> [AVAILABLE RECORDS]
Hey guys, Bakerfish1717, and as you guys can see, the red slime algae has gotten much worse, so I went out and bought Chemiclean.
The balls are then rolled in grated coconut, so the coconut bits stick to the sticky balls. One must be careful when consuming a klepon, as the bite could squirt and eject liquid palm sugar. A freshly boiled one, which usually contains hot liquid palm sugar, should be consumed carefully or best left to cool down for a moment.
==
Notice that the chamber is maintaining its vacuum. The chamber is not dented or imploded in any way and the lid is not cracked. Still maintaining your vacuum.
...
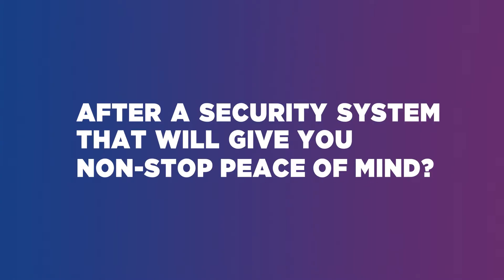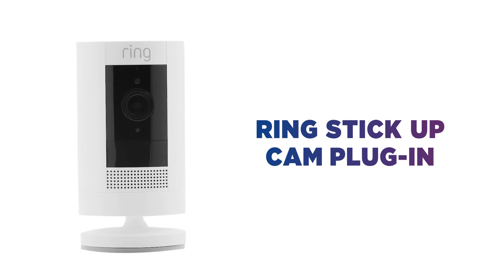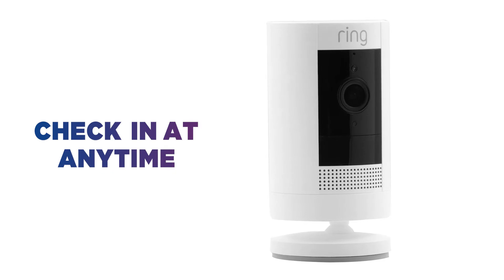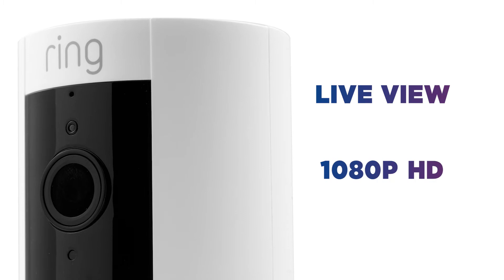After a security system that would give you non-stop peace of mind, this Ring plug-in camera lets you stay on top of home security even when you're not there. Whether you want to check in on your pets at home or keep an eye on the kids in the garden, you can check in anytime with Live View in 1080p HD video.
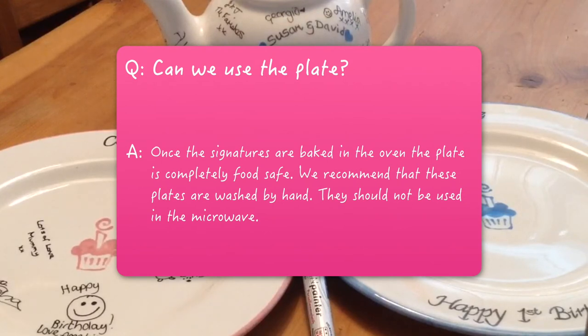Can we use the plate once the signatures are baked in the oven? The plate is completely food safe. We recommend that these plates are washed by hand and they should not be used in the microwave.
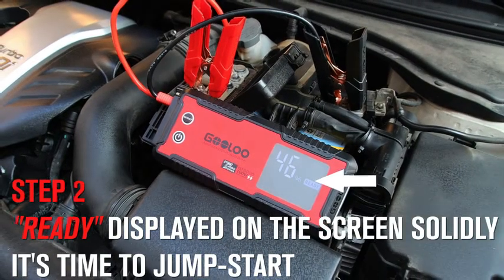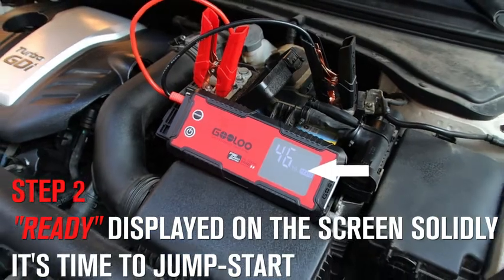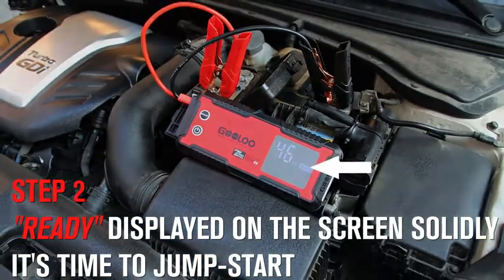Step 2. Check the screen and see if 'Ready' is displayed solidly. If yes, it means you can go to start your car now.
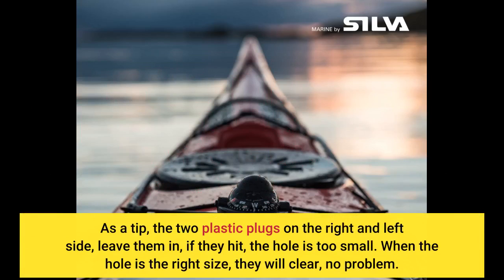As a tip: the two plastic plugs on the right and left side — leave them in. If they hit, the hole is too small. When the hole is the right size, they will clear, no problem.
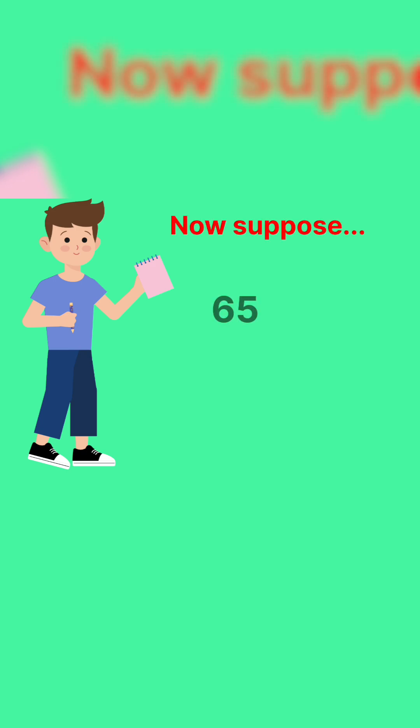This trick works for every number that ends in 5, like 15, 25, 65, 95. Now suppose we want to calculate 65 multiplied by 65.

> [YOUR ASSIGNMENT] Within the listing above, the range opens at the line with "Hey guys, Bakerfish1717, and" and closes at the line with "The balls are". Reproduce exactly the lines of that range, including both ends.

> [RESPONSE BELOW]
Hey guys, Bakerfish1717, and as you guys can see, the red slime algae has gotten much worse, so I went out and bought Chemiclean.
The balls are then rolled in grated coconut, so the coconut bits stick to the sticky balls. One must be careful when consuming a klepon, as the bite could squirt and eject liquid palm sugar. A freshly boiled one, which usually contains hot liquid palm sugar, should be consumed carefully or best left to cool down for a moment.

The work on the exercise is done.